REQUIREMENT ▸ Quote the records in full and leave their pictures out.

TASK MATERIAL ▸

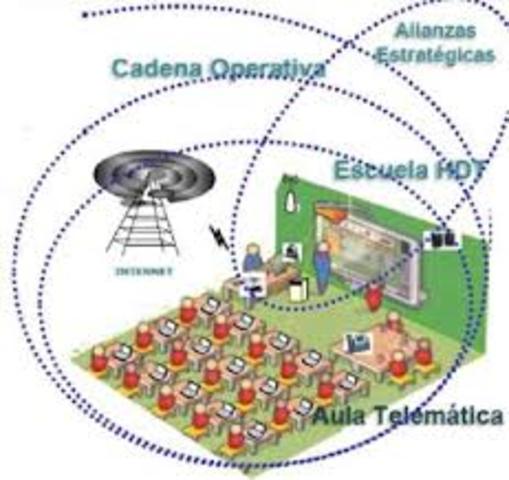 Habilidades Digitales para Todos (HDT)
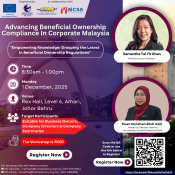 Advancing Beneficial Ownership Compliance in Corporate Malaysia in Johor Bahru
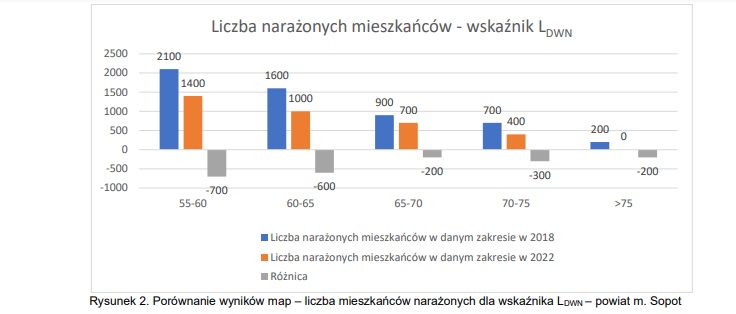 Źródło: Strategiczna mapa hałasu miasta Sopotu dla dróg, po których przejeżdża ponad 3 000 000 pojazdów rocznie
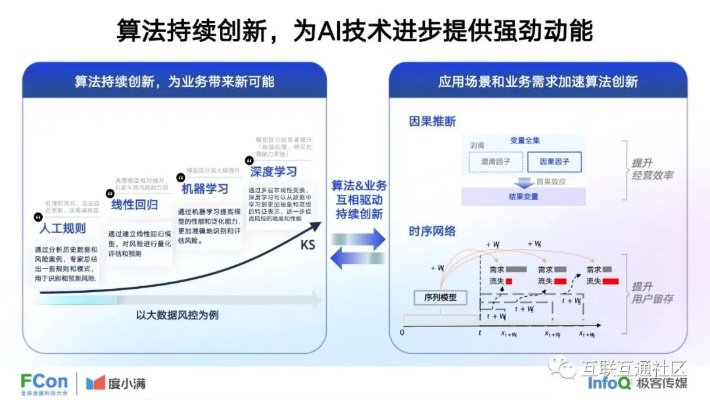 外汇人工智能算法的应用与发展 探索外汇市场中人工智能算法的优势和前景
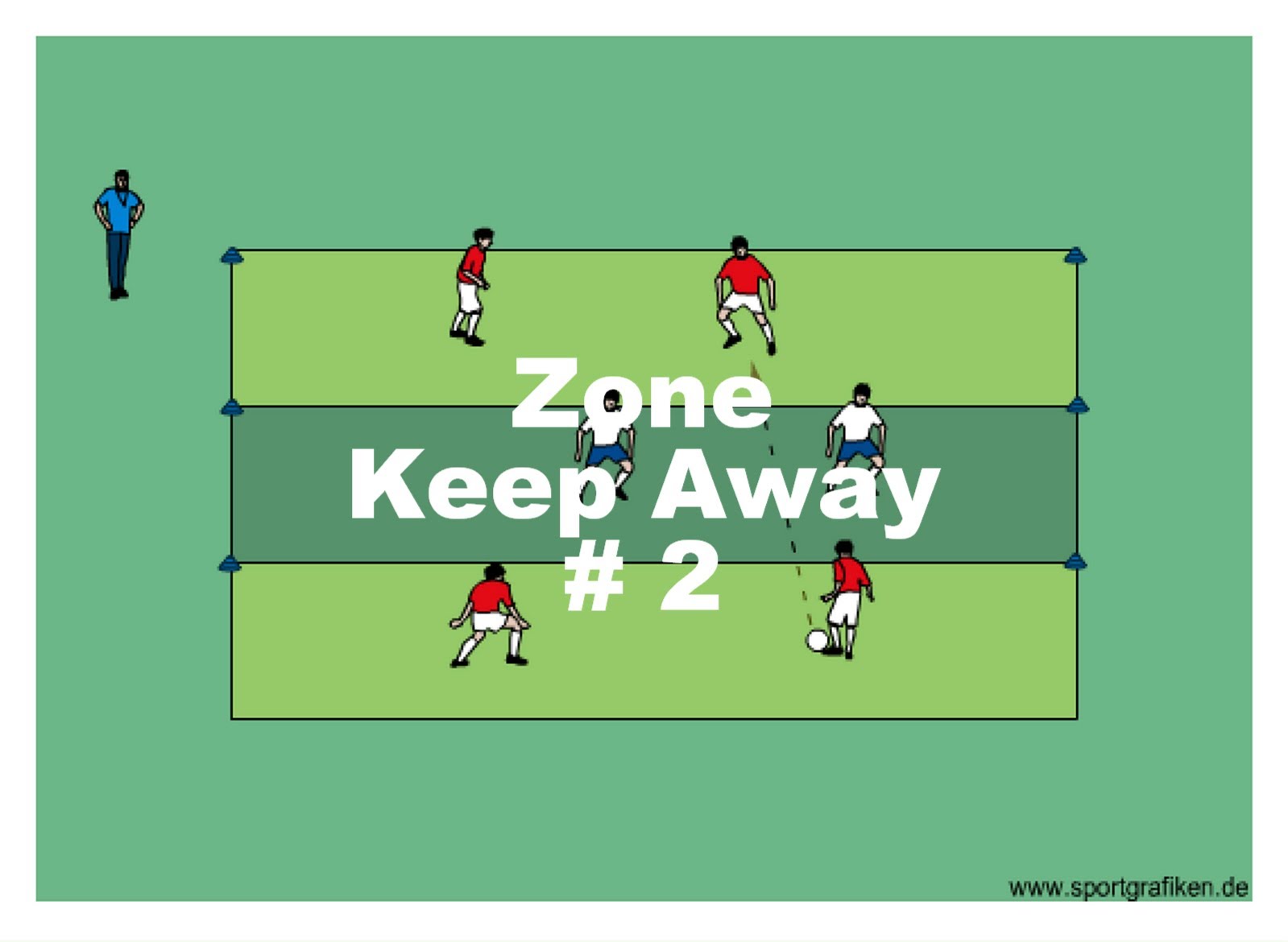 Soccer Zone Keep Away # 2 Training Drill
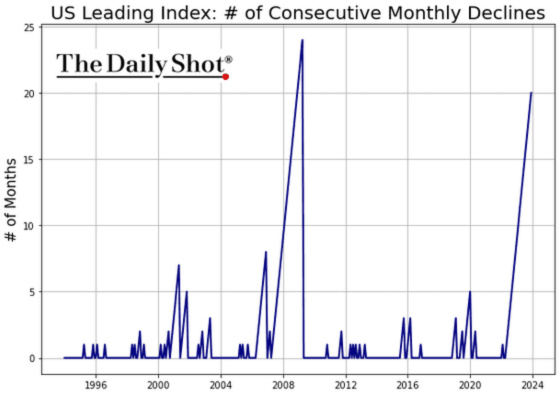 US Leading Index_ # of Consecutive Monthly Declines 1996 - 2024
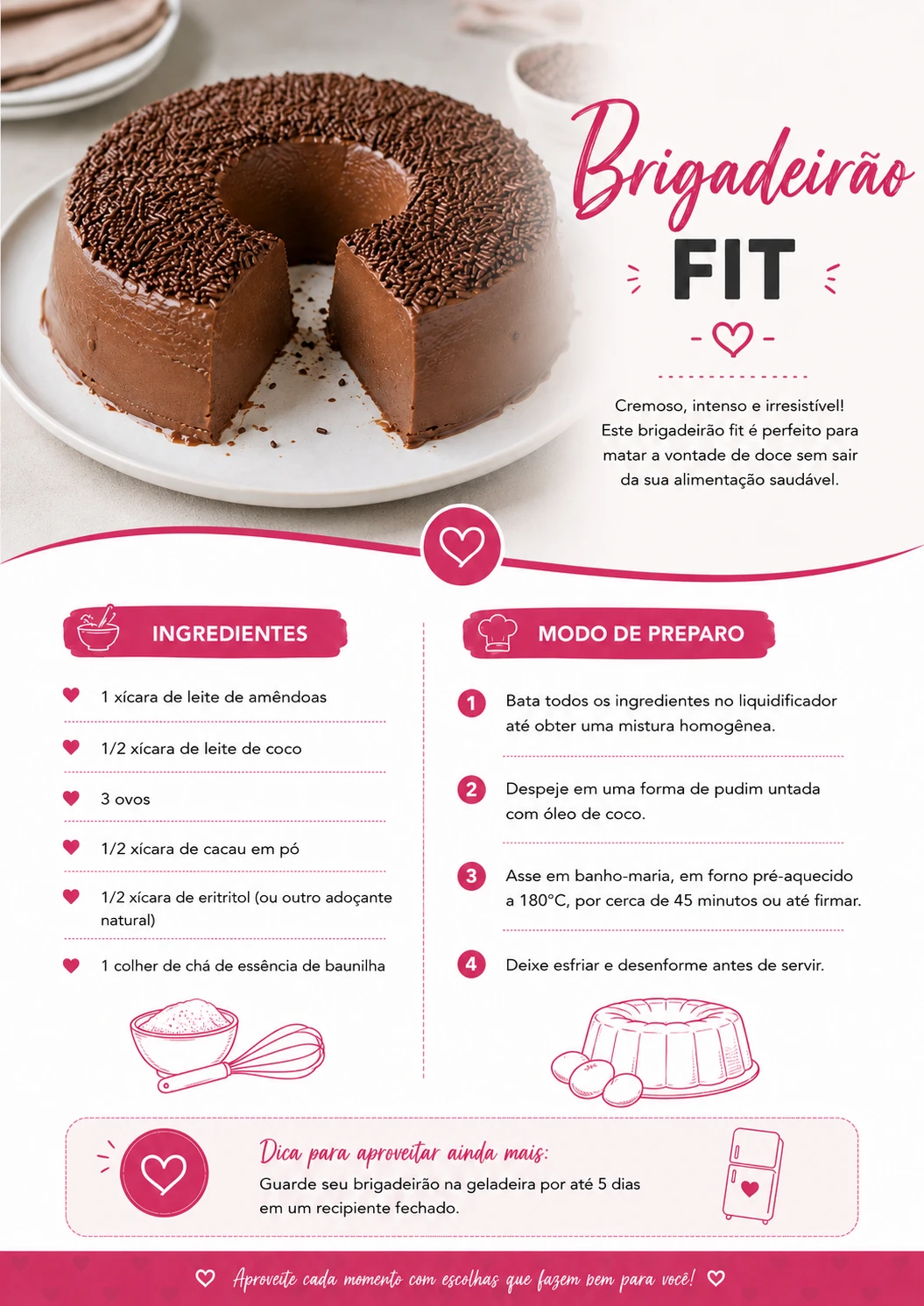 Receita 2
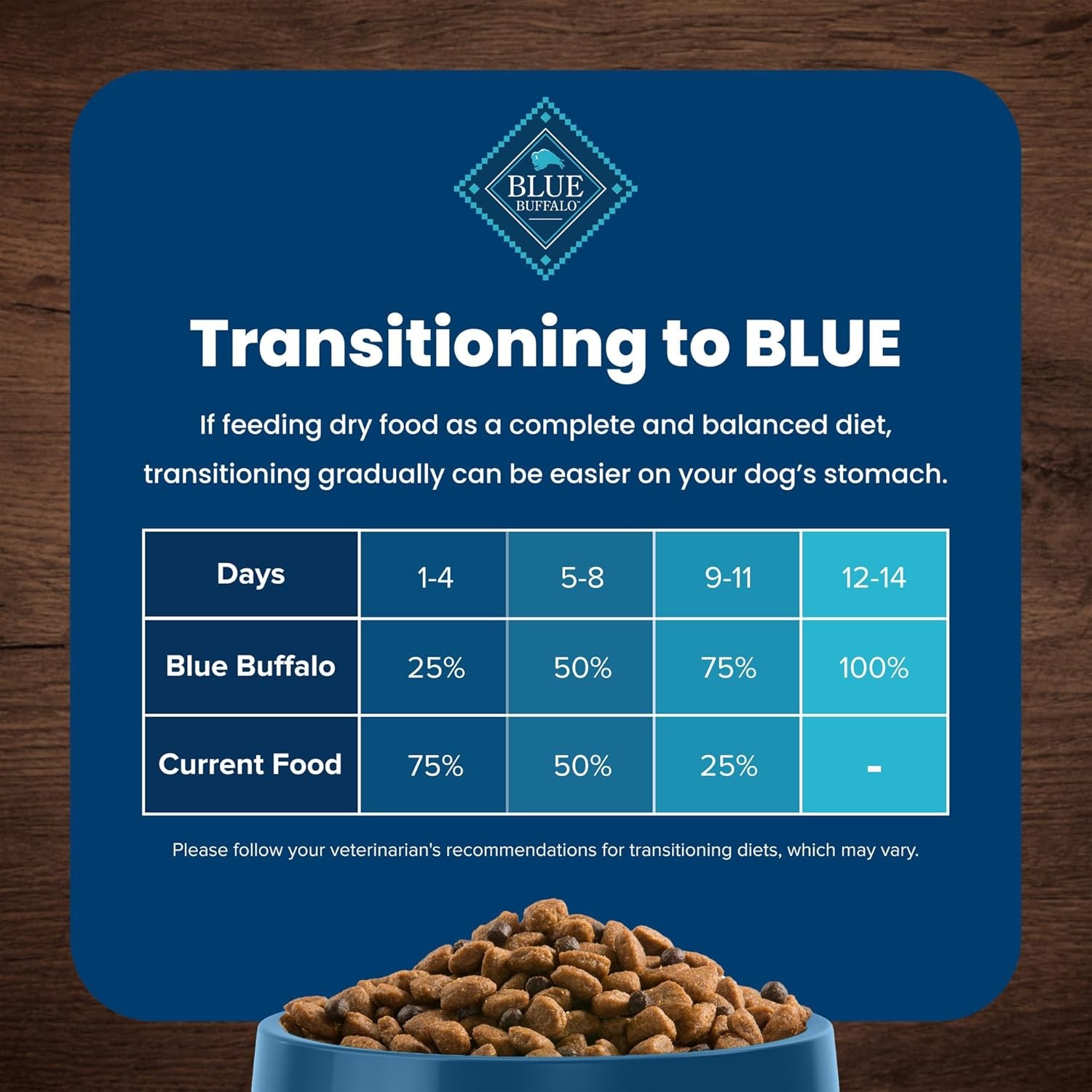Blue Buffalo Life Protection Formula Large Breed Adult Dry Dog Food,Promotes Joi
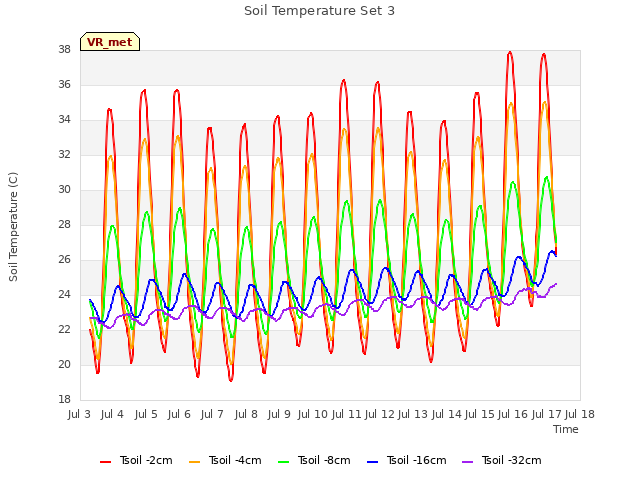 plot of Soil Temperature Set 3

ANSWER TO THE EXERCISE ▸
 Habilidades Digitales para Todos (HDT)
 Advancing Beneficial Ownership Compliance in Corporate Malaysia in Johor Bahru
 Źródło: Strategiczna mapa hałasu miasta Sopotu dla dróg, po których przejeżdża ponad 3 000 000 pojazdów rocznie
 外汇人工智能算法的应用与发展 探索外汇市场中人工智能算法的优势和前景
 Soccer Zone Keep Away # 2 Training Drill
 US Leading Index_ # of Consecutive Monthly Declines 1996 - 2024
 Receita 2
Blue Buffalo Life Protection Formula Large Breed Adult Dry Dog Food,Promotes Joi
 plot of Soil Temperature Set 3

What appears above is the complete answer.